The research presented in this study examines characteristics of collective states in rugby sevens though a case study of sub-elite female rugby sevens gameplay. Rugby sevens is the small-sided variant of rugby union with teams of 7 players per side (as opposed to 15 players), playing 7-minute halves (as opposed to 40 minutes) on a standard rugby union playing field. These modifications to the game result in high-intensity play with individual players covering a larger proportion of match distances at higher intensities (Ball et al., 2019; Clarke et al., 2017; Suarez-Arrones et al., 2012). The main objective is to gain ground, advancing the position of the ball and team up the field to create scoring opportunities. A main task constraint on players (i.e., using a dynamical systems lens), is the requirement for backwards passing of the ball. This ensures that territorial gain is made in phases of open-play by ball carriers running, passing and recycling the ball on being successfully tackled by the defence (Blackburn, 2014). During these sessions of open play, players on both teams must coordinate movements and maintain formations (Correia et al., 2011). The attacking team must maintain offensive pressure to gain ground allowing them to create scoring opportunities and breaks in the defensive line (i.e., a “line break”). The defence must maintain defensive coverage to prevent line breaks and apply pressure to the attacking team to minimise the territorial gains. It can be observed during these open-play sessions (i.e., when there are minimal stoppages), that elements of the collective movement patterns (i.e., collective states) characteristic of self-organising groups in nature (i.e., Schools of fish, flocks of birds) emerge.

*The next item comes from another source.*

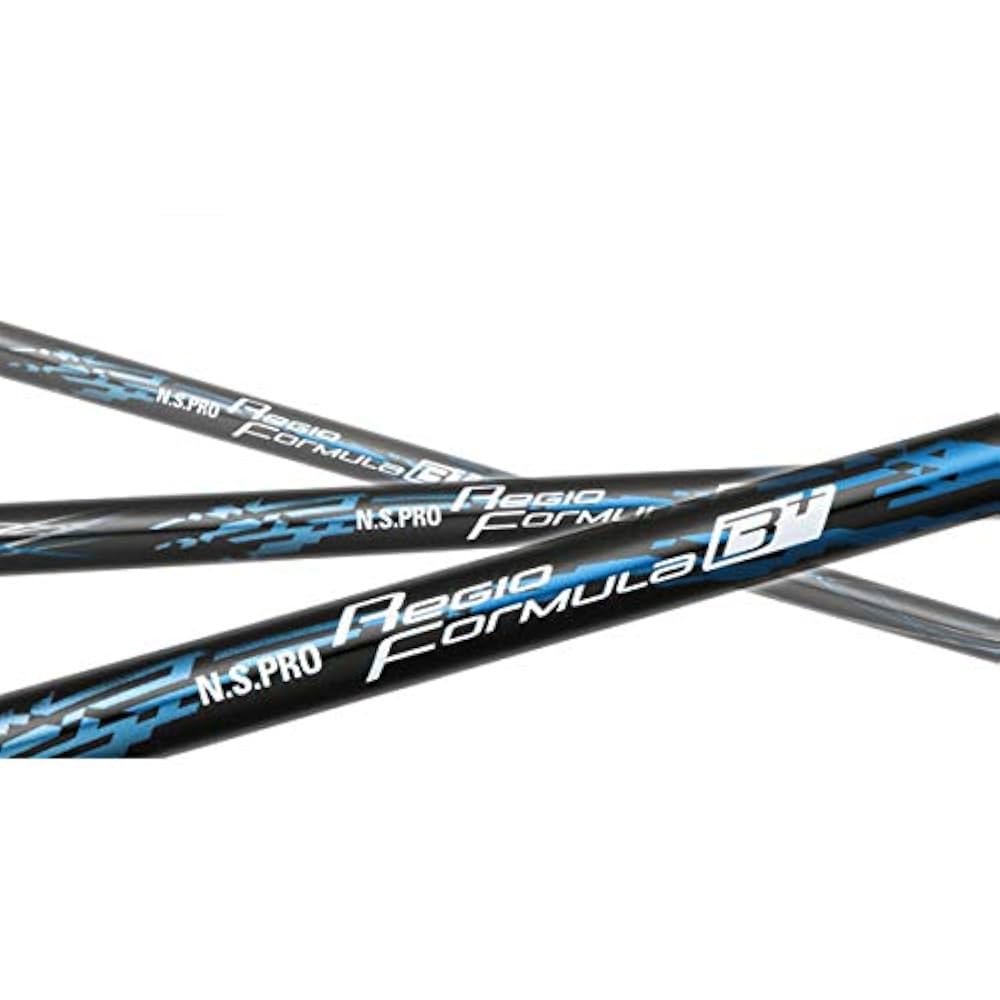 【高級シャフト】3W用レジオフォーミュラ M+ X65 テーラーメイドスリーブ付 高級シャフト】3W用レジオフォーミュラ M+ X65 テーラーメイドスリーブ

There has been no comprehensive study in rugby sevens that investigates the existence of collective states across team behaviour. The aim of this study is to identify the key collective states that exist and quantify the collective order that is exhibited by attacking and defending teams within rugby sevens gameplay. To achieve this goal, this study draws inspiration from the analysis of particle systems and collective movement in animals by investigating the nature of the emergent patterns of order/disorder in rugby sevens using order parameters (and related group-level variables) to characterise the team’s collective state across different phases of play, and the stability of these collective states across sequences of play. The analysis examines the collective states that emerge during sequences of play where small or large distance gains occur, along with line-break scenarios to understand the link between group order and movement speed in these sequences.

Methods

Data and processing

This analysis made use of video data from sub-elite female rugby 7s. The videos follow the matches of the home team against several away teams collected across a single tournament. The videos of the entire field of play were captured using a GoPRO™ Hero 6 action camera (GoPro Inc. San Mateo, California U.S.) at 1080 × 1920 resolution (capturing 30 frames per-second) maintained in a fixed position in an elevated (and unobstructed) position around the mid-point on one side of the field. Segments of active gameplay were extracted from when the ball entered play to when play was interrupted by the referee or the ball was turned over to the other team (signalling the start of a new sequence). The movements of players when resetting (when the ball was no longer in play) was not included. Segments of play where it was not possible to reliably identify individual players, or the team to which they belong (e.g., through severe occlusion from other players) were excluded to ensure that all data segments under study contain a complete set of players for both teams. We excluded 7 segments of play, out of 43, totalling 373s. We used the Channel Spatial and Reliability Tracker (CSRT) algorithm (using the OpenCV 4.2.0 implementation (Bradski 2000)) to track the player positions within the videos, with an operator initially tagging a target player and making corrections as needed through the sequence (i.e., when occlusion by multiple players causes the tracking algorithm to miss the target player). This tracking process was completed for each individual player across each sequence of play, resulting in a set of pixel-space coordinate tracks. The pixel-space coordinates were converted from the field coordinates by performing a homography transformation. This approach uses markings from the field with known positions and dimensions to create a transform matrix that maps between the pixel and field coordinate spaces. Previous studies have demonstrated that this an effective approach to capture player positions (Manafifard et al., 2017; Pettersen et al., 2014; Stensland et al., 2014). The traces were then smoothed by a Savitzky-Golay filter with a linear kernel to remove noise introduced from the tracking process. The data was then broken down into sequences separated by tackles or the end of the continuous play segment. The resulting dataset contains 84 sequences from 3 games providing 16 minutes of total active gameplay with 9505 time-steps.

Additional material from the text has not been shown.